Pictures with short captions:
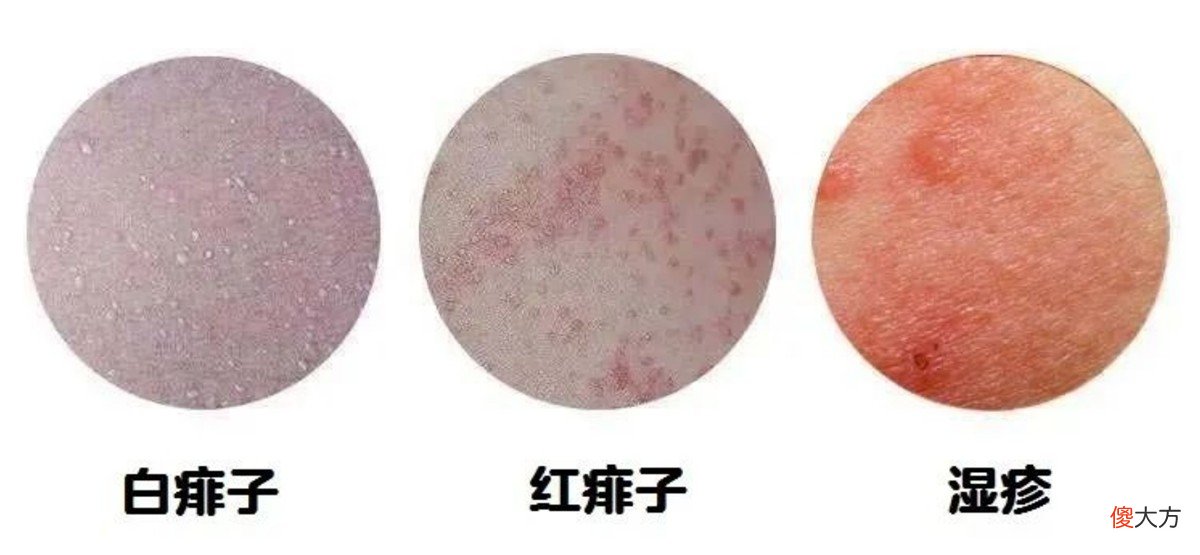 关于宝宝湿疹你知道多少？这份湿疹攻略，建议家长收藏备用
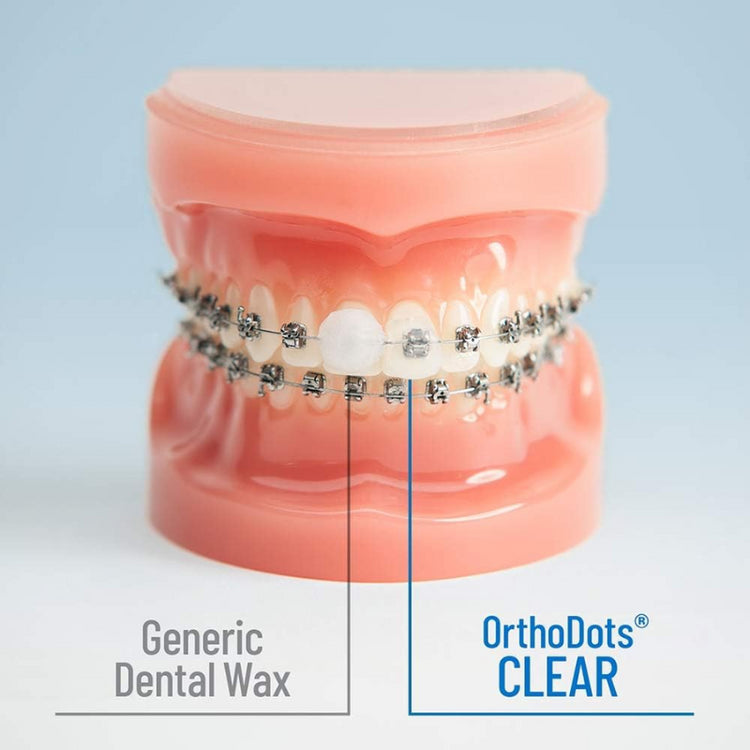 OrthoDots Dental Wax Clear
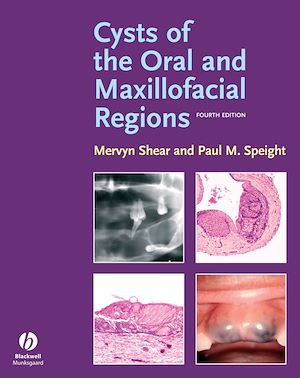 Téléchargez le livre :  Cysts of the Oral and Maxillofacial Regions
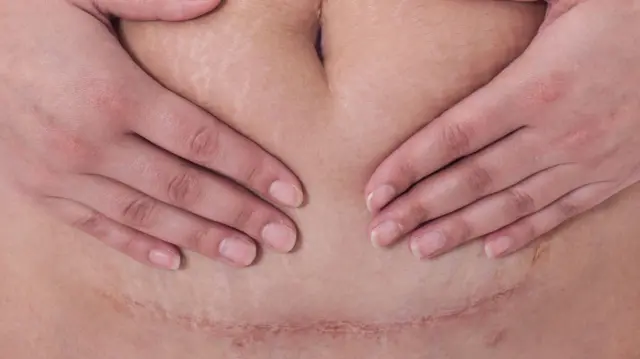 ਸੰਕੇਤਕ ਤਸਵੀਰ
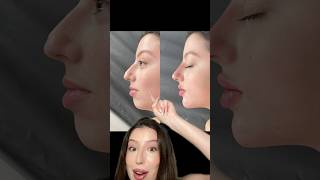 Filler before amp after filler lipfiller chinfiller nosefiller beforeandafter botox fillers [upl. by Parrisch594]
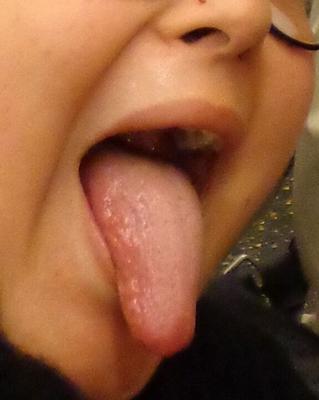 bouche ouverte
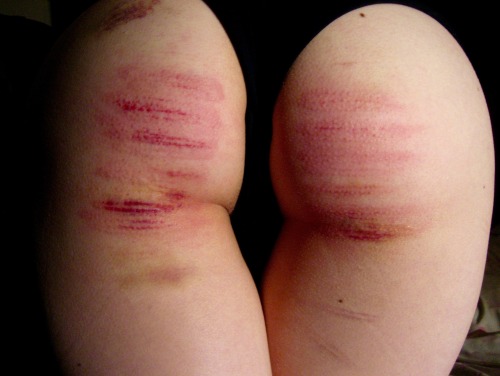 Porn photo holly-gonightly:  The Caning Diaries: Day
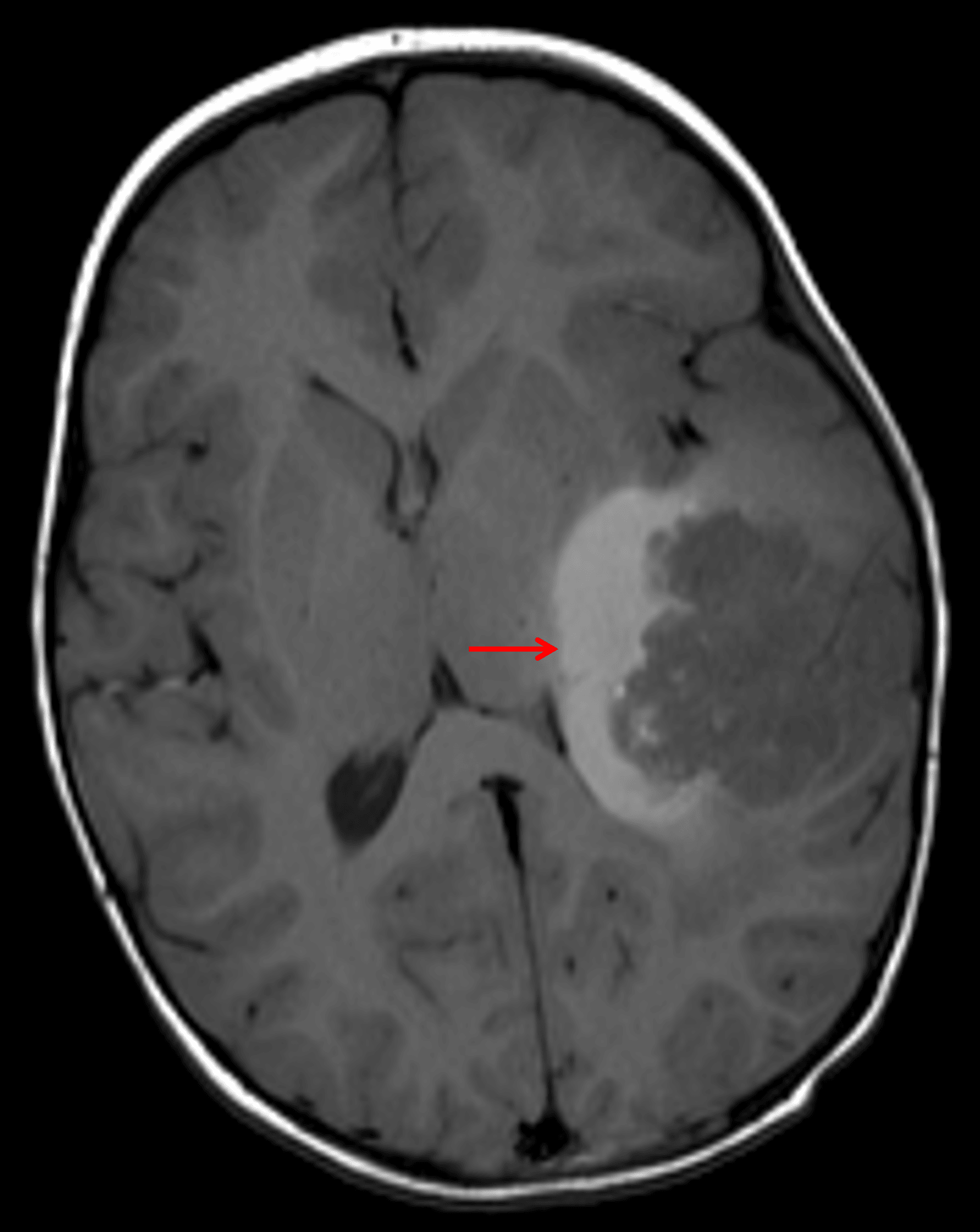 Area of T1 signal hyperintensity along the deep margin of the tumor (red arrow), likely representing tumor-related hemorrhage.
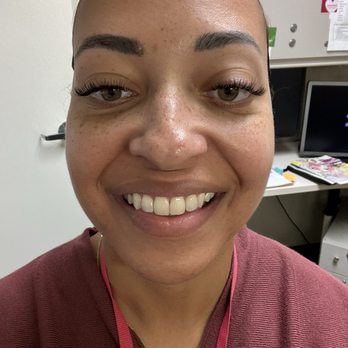 Glow DermSolutions - Clear skin - this is about a week post visit - Medical Spas Near Me - San Jose, California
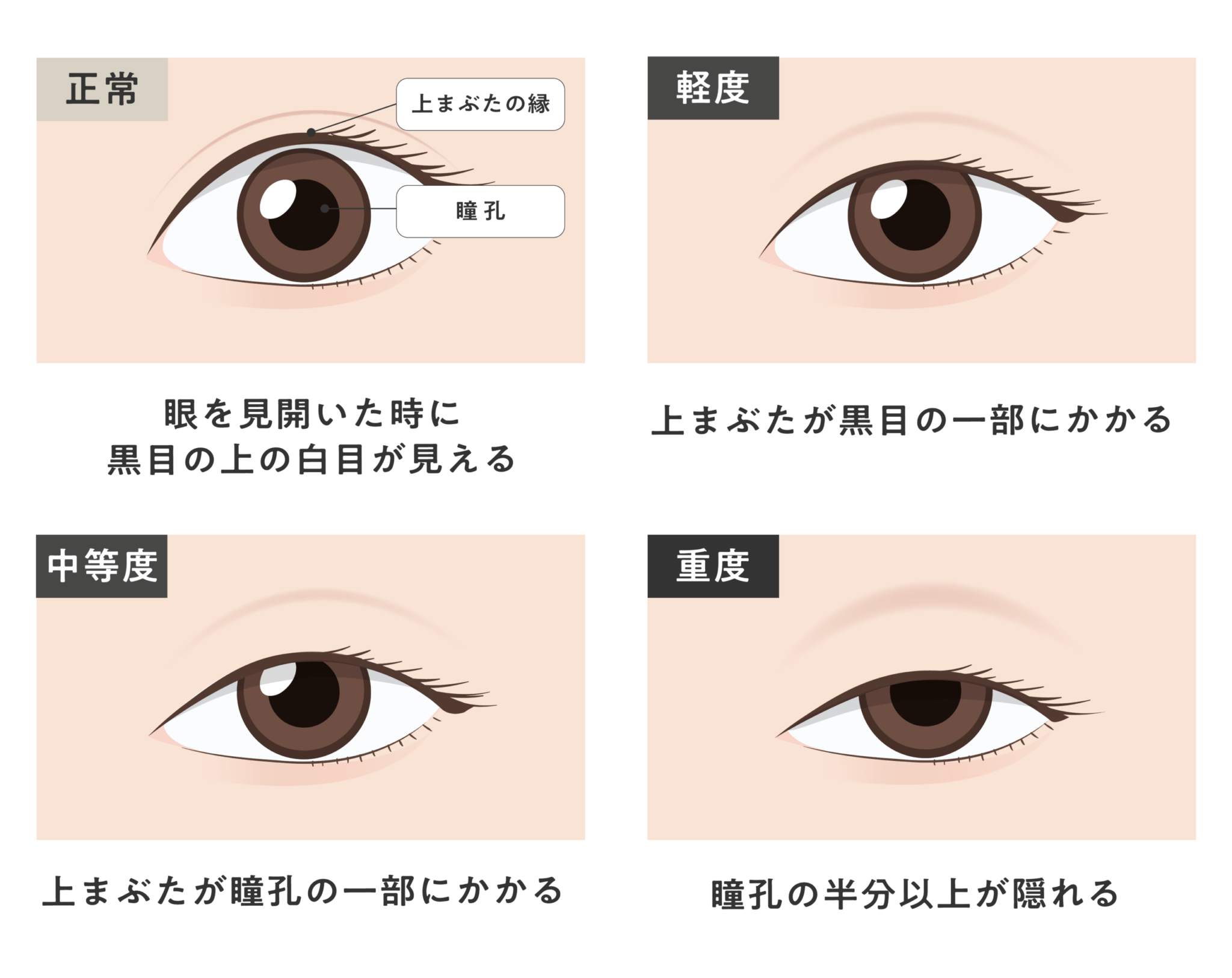眼瞼下垂の程度：正常／軽度／中等度／重度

PROMPT:
Only the text of the records belongs in the answer; reproduce it verbatim, with no pictures.

ANSWER AREA:
 关于宝宝湿疹你知道多少？这份湿疹攻略，建议家长收藏备用
 OrthoDots Dental Wax Clear
 Téléchargez le livre :  Cysts of the Oral and Maxillofacial Regions
 ਸੰਕੇਤਕ ਤਸਵੀਰ
 Filler before amp after filler lipfiller chinfiller nosefiller beforeandafter botox fillers [upl. by Parrisch594]
 bouche ouverte
 Porn photo holly-gonightly:  The Caning Diaries: Day
 Area of T1 signal hyperintensity along the deep margin of the tumor (red arrow), likely representing tumor-related hemorrhage.
 Glow DermSolutions - Clear skin - this is about a week post visit - Medical Spas Near Me - San Jose, California
眼瞼下垂の程度：正常／軽度／中等度／重度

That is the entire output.